Sonda söylenecek olanı başta söylemekte fayda var: Nefes Nefese (Inhale, 2010) hem iyi bir seyirlik hem de ele aldığı konuyu fazla bulandırmadan eli yüzü düzgün bir şekilde anlatmayı başarıyor. Finalindeki didaktik mesajı da olmasa hani oldukça ölçülü ve dozajı yerinde bir aksiyon-drama. Bir tek son kertede yönetmenin bakış açısını izleyicilere dikte etmesi ve onları belli bir görüşe yönlendirmesi can sıkıyor. Ama bunu dert etmezseniz, Nefes Nefese isminin hakkını veren bir yapım.

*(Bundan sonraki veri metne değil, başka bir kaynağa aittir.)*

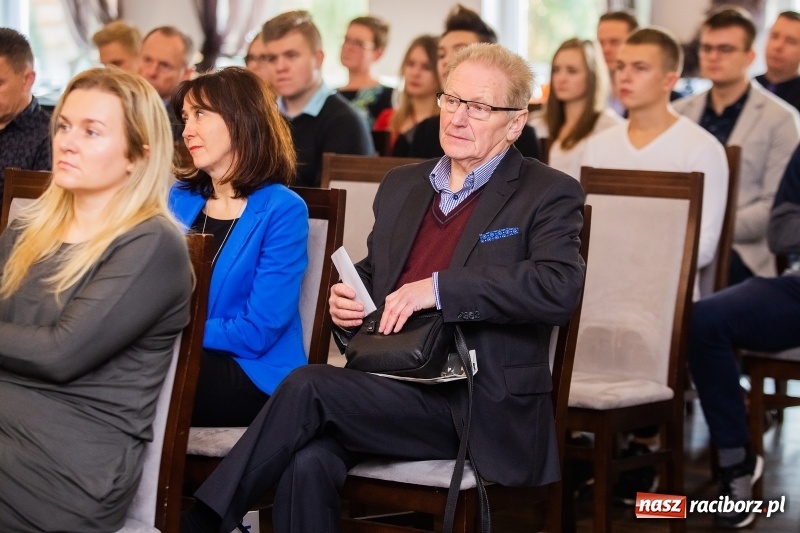 Zdjęcie w galerii na portalu naszraciborz.pl: O inwestowaniu w specjalnej strefie gospodarczej dyskutowano w hotelu Racibor  wiadomości z regionu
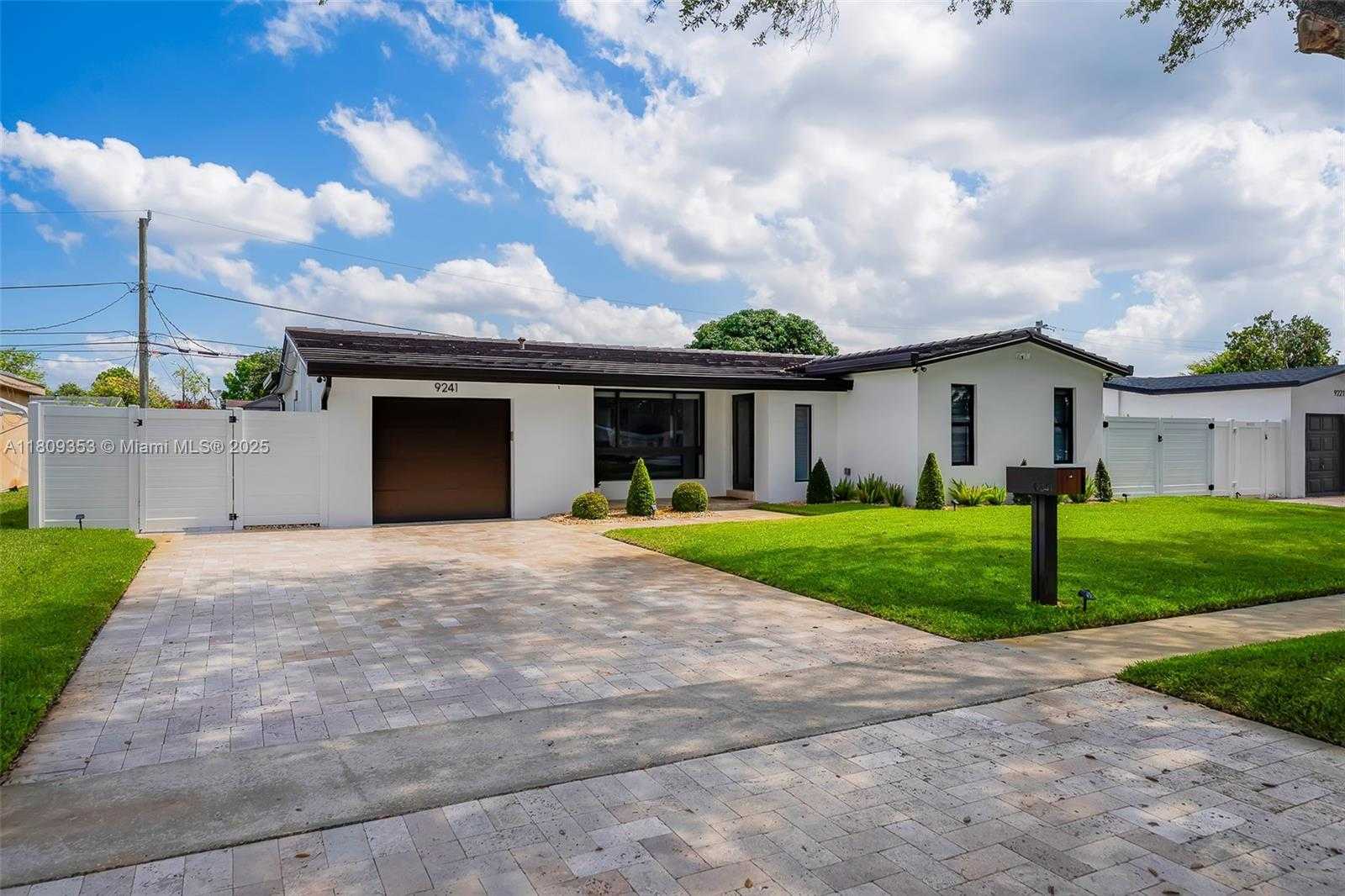 Small Image of 9241 SOUTH WEST 55TH ST, Cooper City Number 4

Los Angeles Bölge Savcısı Paul Stanton’ın, ender görülen bir hastalığa yakalanan küçük kızını bu hastalıktan kurtarmak için verdiği mücadeleyi anlatan Nefes Nefese, hukuk mücadelesiyle insanlık mücadelesini paralel bir şekilde beyazperdeye yansıtıyor. Yüzeydeki aksiyonuna karşın alt metninde adalet, hukuk, eşitlik, etik ve ahlâk gibi önemli meseleleri de tartışmaya açıyor.

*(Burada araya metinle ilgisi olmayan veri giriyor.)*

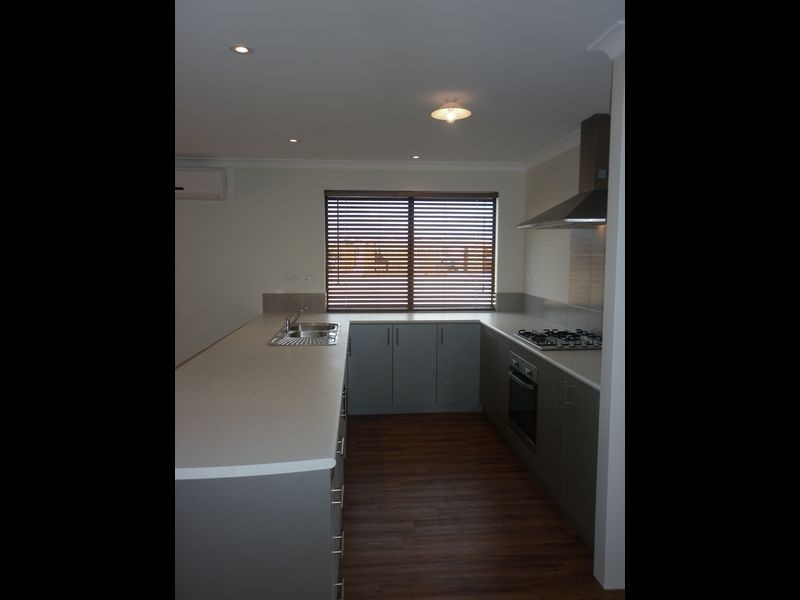 3 Garnet Way, Wellard WA 6170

Stanton’ın kızını kurtarması için organ nakli yaptırması gerekiyor, ama bunu yasal yollardan yaptıracak zamanı yok. Bu yüzden de Meksika’da kızına kara borsadan uygun organı bulmak için bir yolculuğa çıkıyor. Savcının Meksika’ya yaptığı yolculuk, savcının kendi etik değerlerini sorgulamasına kapı aralarken, öte yanıyla da bize Meksika’daki sınıfsal çatışmayı ve toplumsal düzeni gösteriyor. Belki film, hiçbir zaman yönetmenin selam durduğu Luis Bunuel’in Unutulmuşlar (Los Olvidados, 1950) filmi gibi derinlikli bir bakış açısına sahip olamıyor; ama savcının kızına organ nakli yaptırmak için peşine düştüğü gizemli “doktor”u bulma çabasıyla birlikte şekil değiştiriyor ve polisiye bir öyküye dönüşerek, bize Bataklık’takine (Myrin, 2006) benzer şekilde çürümüş bir sistemi bütün çıplaklığıyla gösteriyor. Savcı doktoru ararken, önüne çıkan her engel bize sistemin işlemeyen çarklarını, yolsuzluğu, adaletsizliği, insan hayatının değersizliğini ve organ naklinin nasıl bir ticarete dönüştüğünü açık ediyor. Ama film bunların hepsini dışarıdan bakan bir göz aracılığıyla şabloncu bir şekilde sunuyor. Bu yüzden de, Bunuel’in filmine yapılan gönderme sadece bir gönderme olarak kalıyor. Yoksa Unutulmuşlar’ın Meksika’daki sokak çocukları üzerinden bir toplumu ve dünyanın belirli bir dönemindeki genel durumu eleştiren tavrı ile Nefes Nefese’nin durduğu yer açısından oldukça fark var.
Savcının Meksika’da yasadışı yollardan kızına organ bulma çabası ile Los Angeles’da ünlü ve zengin müvekkiline yapılan seks suçlamasını bertaraf etmeye çalışması yönetmenin paralel kurgusuyla birbirine koşut bir şekilde anlatılıyor. Savcı bir yandan kendi etik değerlerine bağlı kalarak, karakterinden ödün vermeden zengin müvekkilini sonuna kadar savunuyor; ama öte yandan da kızını kurtarmak için bütün yasadışı yolları deniyor. Karakterin yaşadığı içsel çatışmayı ve bu çatışmadan doğan gerilimi filmin atmosferine yansıtmayı başaran yönetmen, bu sayede hem karakterin sorgulama sürecine bizleri dâhil ediyor hem de temposu hiç düşmeyen bir drama kotarmayı başarıyor. Bu açıdan bakıldığında, Nefes Nefese hedeflediği şeyi gerçekleştiren bir film. Ama yine de final itibariyle bir mesaj vermekten ve bunu da slogancı bir şekilde işin kolaycılığına kaçarak yansıtmaktan çekinmiyor. Film boyunca o kolaycılığa düşmeyen yönetmen, finalde iyi bir aksiyon-drama olmanın ötesinde bir anlam ifade etmeye uğraşınca işler değişiyor. Eğer Nefes Nefese’nin bu kusuruna takılmazsanız, filmin yönetmen Baltasar Kormakur’un en iyi filmi olduğunu rahatlıkla söyleyebiliriz.